You wouldn’t know from looking at the photo that it was the middle of February on a -9°C day. Not a single cloud in sight. I also got the opportunity to go inside the Cathedral. A lot of cathedrals in Europe do not allow photography inside, but this was an exception. I took a quick video on my phone to give you an idea of how big the Helsinki Cathedral is inside.
About a ten minute walk south-east of the Helsinki Cathedral is the Uspenski Cathedral. The Uspenski Cathedral has a rather Russian look too it, easily explained by the fact that its architect, Aleksey Gornostayev, was indeed Russian. He passed away before Uspenski Cathedral was completed. Unfortunately, as I had come to Uspenski Cathedral on a Monday, the Cathedral was closed. Uspenski Cathedral is open all other days of the week, so if you intend to visit, I’d recommend not doing it on a Monday. However, the building is gorgeous from the outside, and I again took the chance to take out my camera and get some photos.
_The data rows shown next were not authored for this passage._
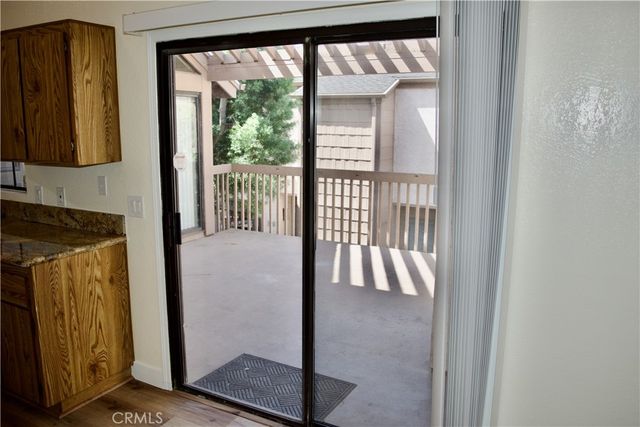 26701 Quail 267, Laguna Hills, CA 92656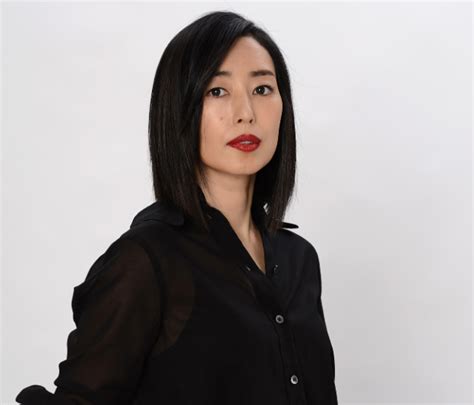 木村多江の旦那・フミヒコスズキとは再婚？子供と結婚生活と収入差！ - 有名人最新裏情報㊙サイト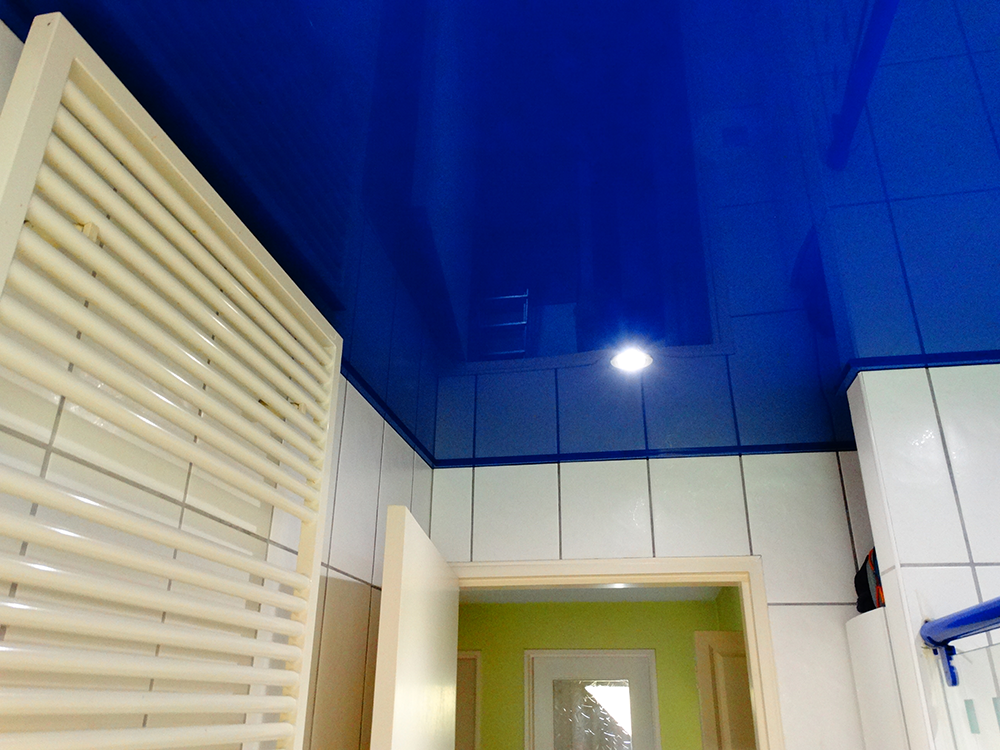 Lessivage- Nettoyage - plafond -tendu-PVC-chambre-salle-de-bain-salon-strasbourg (84)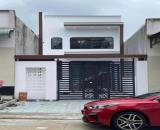 Chính chủ cần tiền nên bán gấp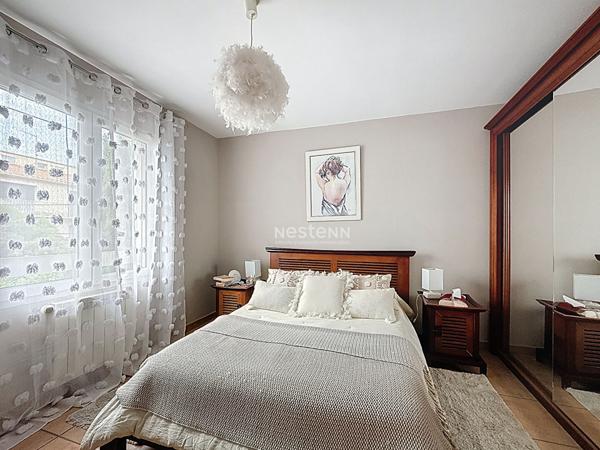 Maison spacieuse a vendre a Perpignan - Secteur Universites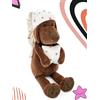 LeCoon Cane di peluche - 500+ storie, canzoni e ninne nanne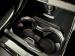 BMW X2 sDRIVE18i M Sport automatic - Thumbnail 8
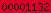 blogspot statistics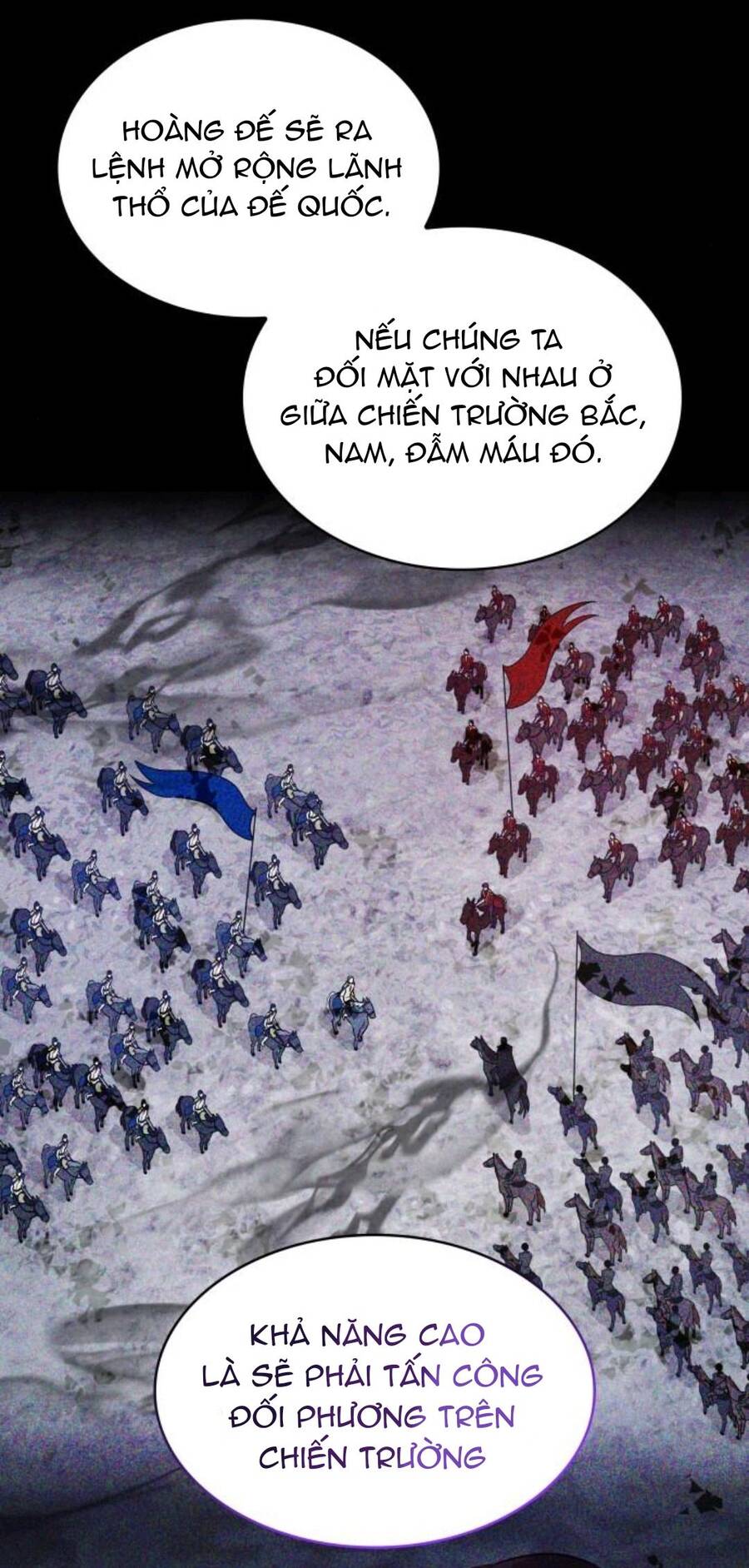 Regina Lena - Gửi Người Không Được Tha Thứ Chapter 9 - 12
You can also see the Helsinki Cathedral quite easily from the Uspenski Cathedral.
A short walk from the Uspenski Cathedral is the Market Square. Considering it was winter, it was probably a lot less busy that it would have been in summer, but there were still some good vendors there selling some souvenirs and some Finnish food (even some hot food!). Certainly worth checking out while you’re in Helsinki.
It was getting close to lunch time, and given the cold and the huge amount of walking, I had worked up quite the appetite. I decided to try Goodwin the Steakhouse which I found very pleasant. I found myself having a steak from an Australian cow and a wine from McLaren Vale in my home state of South Australia. I found it humorous that I had travelled all the way to the other side of the world just to eat a steak and have a wine that was produced in my own state back home. Pleasant staff, a classic older style American vibe, and beautiful food. It is a little more on the expensive side, but I found that to be the norm in Finland, it is quite an expensive country to live in and to visit.
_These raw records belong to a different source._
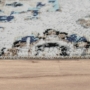 Kép 2/3 - Adrie bel és kültéri szőnyeg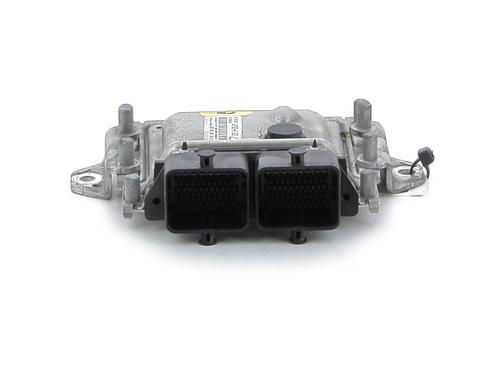 Used Engine control unit (ECU) Engine control unit (ECU) SUZUKI SWIFT IV (FZ, NZ) 1.2 (AZH412, ZC72S) (94 hp) 33685438 33685438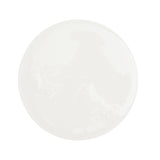 Revolution Skincare 2% Salicylic Acid & Zinc BHA Anti Blemish Cleanser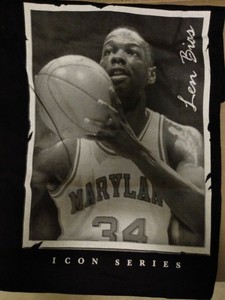 alexander mcqueen tee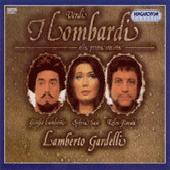(未使用･未開封品)　I Lombardi Alla Prima Crociata [Blu-ray] [Import] 60wa65s Various Artists, James Levine, Metropolitan Opera Orchestra
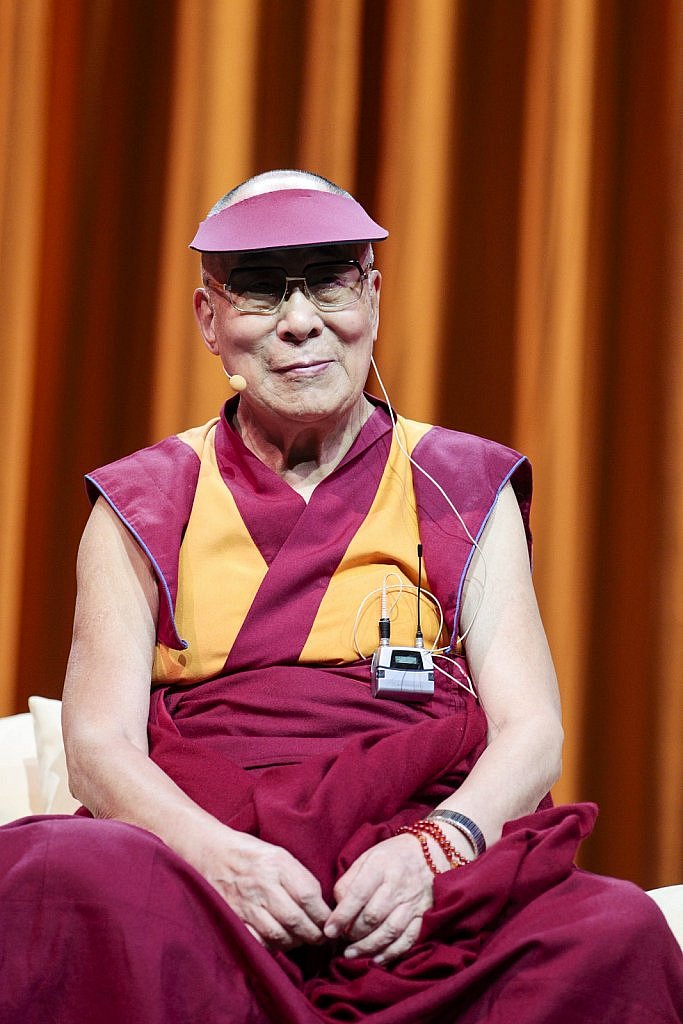 dalai-lama-1609-IV-8867large1518694246.jpg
Now with a full tummy, I took a 30 minute walk to Temppeliaukion Church, a Lutheran Church built directly into solid rock. Because of this, its often just referred to as the ‘Rock Church’, particularly by tourists like myself that can’t pronounce ‘Temppeliaukion’.
While the outside of the church leaves a lot to be desired, its true beauty is on the inside.
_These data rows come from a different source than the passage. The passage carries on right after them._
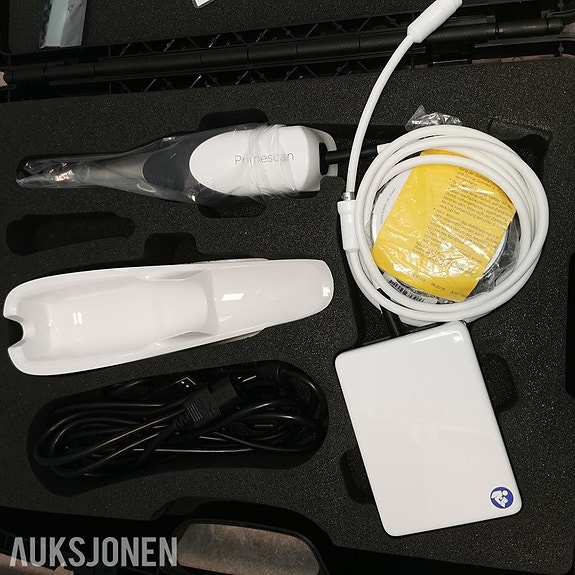 Product image 10 of 10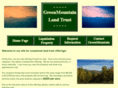greenmountainlandtrust.com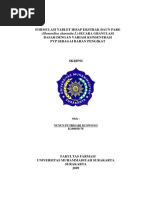 Download 1 by Echa Kamiya SN106765974 doc pdf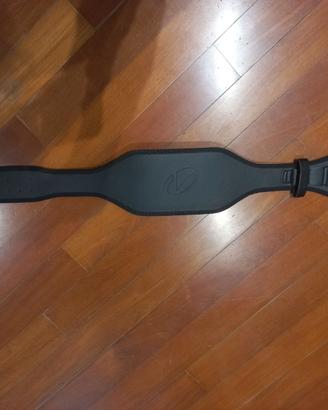 Fascia da sollevamento pesi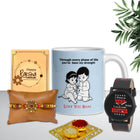 rakhi gift for brother, rakhi gift hamper for brother, raksha bandhan special gift, rakhi set for brother, rakhi for brother, rakhi gifts for men, rakhi for kids, rakhi for brother and bhabhi, rakhi for kids boys, rakhis for rakshabandhan, rakhi set for brother kids, rakhi gift, traditional rakhi combo, rakhi gift hamper for brother, rakhi gifts for men, rakhi gifts for brother, rakshabandhan rakhi, rakhi chocolate bouquet, rakhi chocolate gifts, premium raksha bandhan gift box, chocolate rakhi gift combo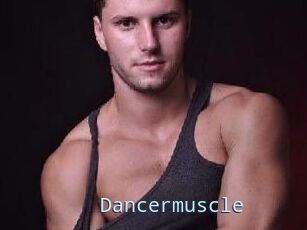 Dancermuscle
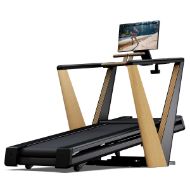 Slika Tekalna steza NordicTrack Ultra 1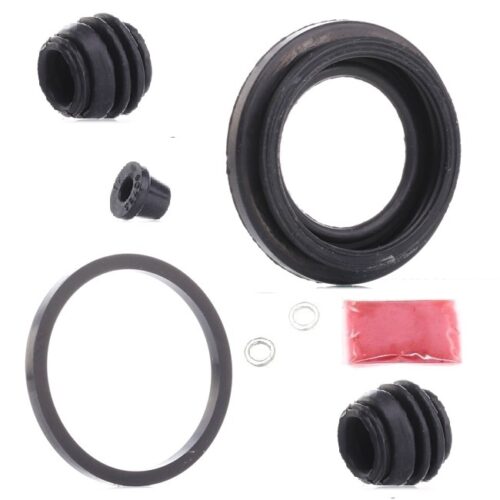 KIT DE CALIPER TRASERO PARA CRV 2005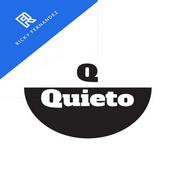 Podcast Quieto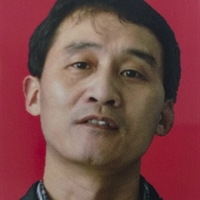 过河卒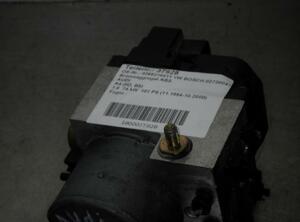 Abs Hydraulic Unit AUDI A4 (8D2, B5)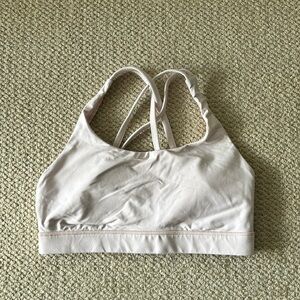 Lululemon sports bra​​​​​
While i was there, one of the ministers shared a word from John and lead us in a prayer before giving a benediction. There is no shortage of information inside describing how the church came to be.
I spent the rest of my day walking the streets of Helsinki, I walked past Finland’s Parliament House, which was so big I struggled to capture the entire building in the rushed photo I took.
All up, Finland was a pleasant country, and I found that I was able to do a lot in 24 hours. Unless you are wishing to visit Lapland or Espoo, I would say that 24 hours would be enough time to see the main attractions of Finland. By the time I got back on the ferry to leave Finland, Finland had applied to become a member of NATO, and at the time of writing this article, Finland is now the newest member of NATO. If you ask me, Finland is an extremely welcome addition to NATO. It has an extremely western feel and seems to conform in a lot of ways to western ways of thinking. When travelling to Finland, particularly in winter, ensure that you bring a portable phone charger, as the weather is so cold that it depleted my phone battery in less than an hour. Also note that it is an expensive country to visit. Stay in Tallinn, Estonia and visit Finland as a day trip via the ferry to avoid expensive hotels and restaurants. If you want to see the inside of Uspenski Cathedral, do not plan your day trip on a Monday.
The three things I recommend you must experience in Finland are:
The Helsinki Cathedral
The Fazer Café
The Temppeliaukion Rock Church
Being so far away, I don’t know if I will ever get back to Finland, but the memories I made there will stay with me forever! If I ever do get back, I’d love to see Suomenlinna in summer. Thanks Finland, and welcome to NATO.